> [Dataset]:
★ ★ ★ ★

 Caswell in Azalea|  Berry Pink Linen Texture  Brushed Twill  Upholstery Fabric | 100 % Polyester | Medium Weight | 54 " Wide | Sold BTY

★ ★ ★ ★

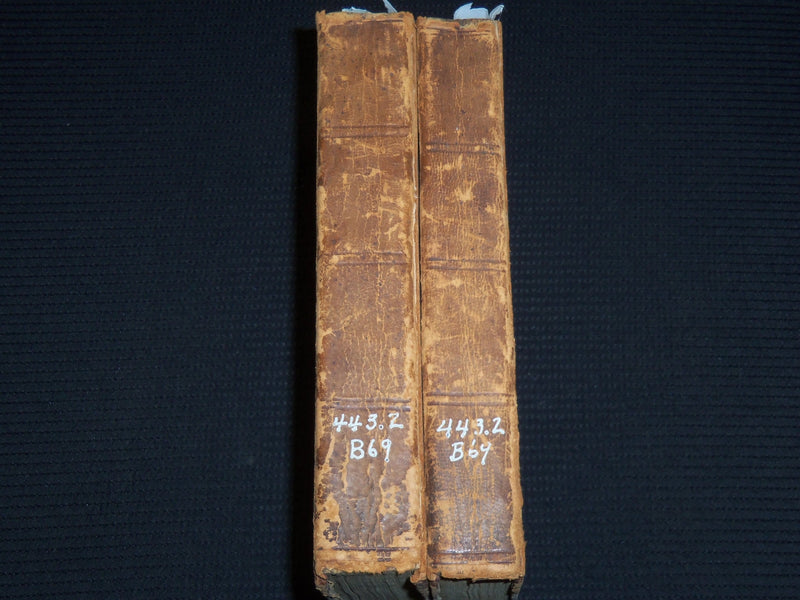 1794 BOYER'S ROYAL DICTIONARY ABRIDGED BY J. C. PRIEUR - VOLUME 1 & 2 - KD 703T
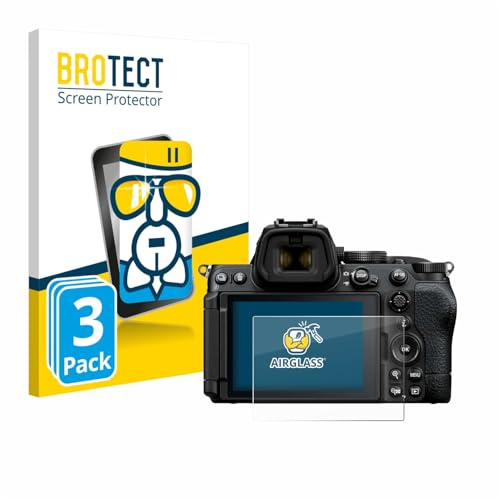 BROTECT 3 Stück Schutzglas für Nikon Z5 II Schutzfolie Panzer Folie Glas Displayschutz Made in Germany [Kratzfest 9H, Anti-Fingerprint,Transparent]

★ ★ ★ ★

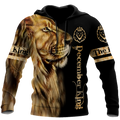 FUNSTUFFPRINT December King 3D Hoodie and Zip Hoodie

★ ★ ★ ★

> [Exercise requirements]:
In the data above, retype only the stretch from the line with "1794 BOYER'S ROYAL" through the line with "BROTECT 3 Stück", word for word, and skip any pictures.

> [Reply]:
 1794 BOYER'S ROYAL DICTIONARY ABRIDGED BY J. C. PRIEUR - VOLUME 1 & 2 - KD 703T
 BROTECT 3 Stück Schutzglas für Nikon Z5 II Schutzfolie Panzer Folie Glas Displayschutz Made in Germany [Kratzfest 9H, Anti-Fingerprint,Transparent]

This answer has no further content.